Protein Domains and Motifs
When a gene sequence is used to predict polypeptide sequence, the polypeptide can be analyzed for specific protein domains and motifs Protein domains: Ion channels, membrane-spanning regions, secretion, and export signals Motifs: Helix-turn-helix, leucine zipper, or zinc- finger motifs.
Somatic Mosaicism
When the somatic cells of the body are of more than one genotype, typically due to mitotic DNA replication errors at first or later cleavages. Cells in individual person do not all contain identical genomes. Individuals made up of population of cells, each cell with its own unique personal genome. Can result from errors in DNA replication, creating aneuploidy, CVNs and SNPs. Somatic cell variations passed to daughter cells during mitosis, but NOT to offspring.
Genomic Analysis
The study of genomes.

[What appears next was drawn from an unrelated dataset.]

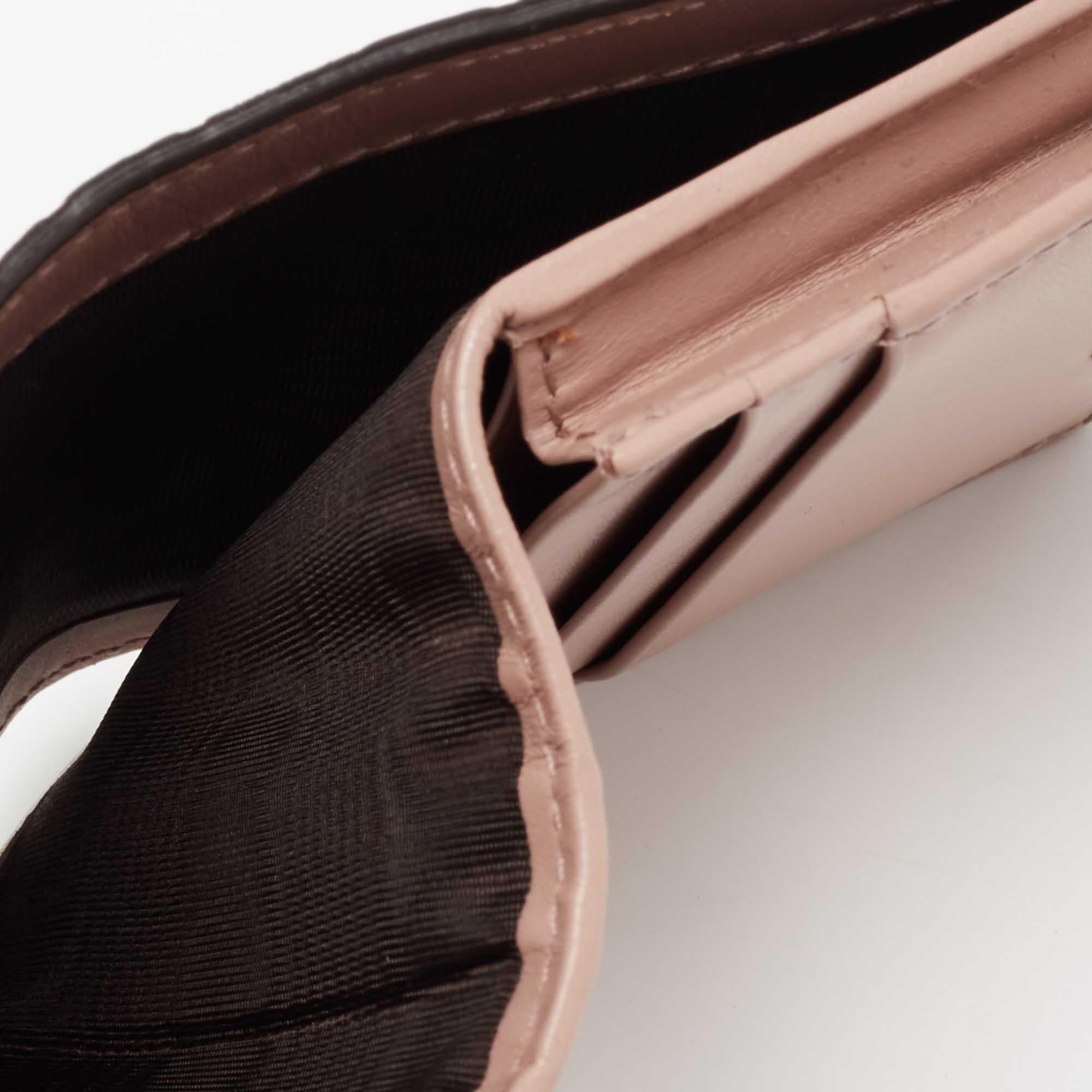 Women's Gucci Dusty Pink Guccissima Leather Bow Card Case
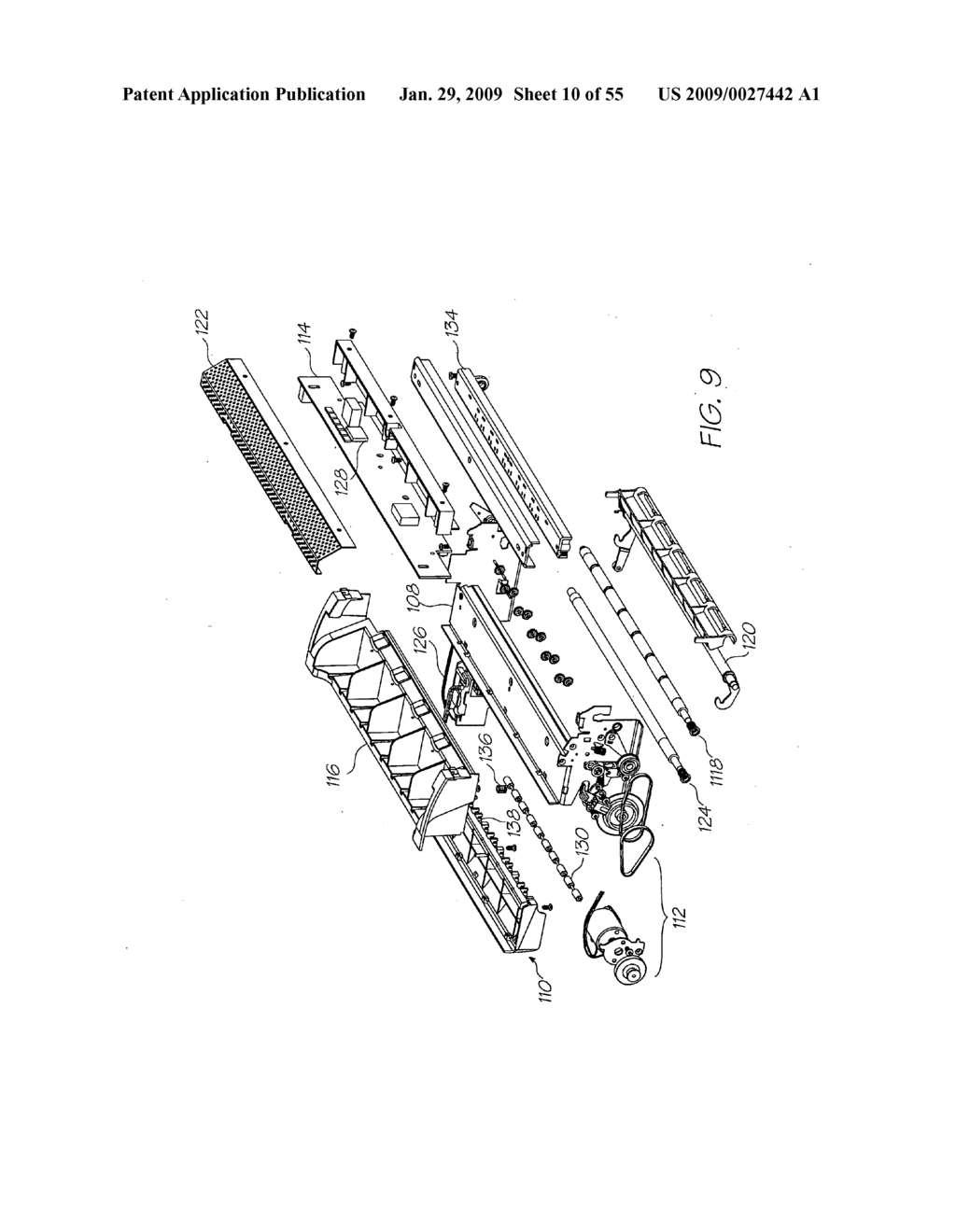 PRINT ENGINE WITH NESTED CRADLE, PRINTHEAD CARTRIDGE AND INK CARTRIDGES - diagram, schematic, and image 11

The most rapidly advancing areas of modern genetics. Provides unprecedented information about genomes of different organisms.
Nutrigenomics
The study of how nutrition interacts with specific genes to influence a person's health. Considers genetics and diet. Focuses on understanding interactions between nutrition and genes. Nutrigenomic tests analyze your genome and provides customized nutritional report on nutritional metabolism based on genes associated with medical conditions.
Functional Genomics
The study of the relationship between genes and their function. Interprets a DNA sequence and establishes gene functions. Based on RNAs or proteins they encode. Identifies gene-regulatory elements in genome. Involves experimental approaches to confirm or refute computational predictions.
Bioinformatics
The use of computers, software, and mathematical models to process and integrate biological information from large data sets. Organize, share, and analyze data related to gene structure, sequence and expression, and protein structure and function.
Metagenomics (Environmental Genomics)
The use of whole-genome shotgun (WGS) approaches to sequence genomes from entire communities of microbes in environmental samples of water, air, and soil. Oceans, glaciers, deserts, and so on are being sampled. Involves isolating DNA from environmental sample without cultures of microbes and viruses (Microbiota of NY city subways studied): - Most were non-disease causing bacteria - Occassionally pathogens (Bacillus anthracis) were identified - Half of the DNA sequenced did not match any organism in genome database
Microarrays
Thousands of nucleic acid sequences are arranged in grids on glass or silicon. DNA or RNA probes are hybridized to the chip, and a scanner detects the relative amts of complementary binding. Used to profile gene expression levels or to detect single nucleotide polymorphisms (SNPs). Prepared by "spotting" ssDNA molecules attached to glass microscope slide using high speed robotic arm (arrayer). Arrayers are fitted with tiny pins. Pins immersed in solution of ssDNA molecules. Arrayer fixes DNA onto slide and scanned by computer.
Homologous Genes
Two or more genes derived from the same ancestral gene. Genes that are evolutionarily related. Similarity searches are able to identify homologous genes.
BLAST Searches
Used to screen databases and compare a sequence to a known sequence.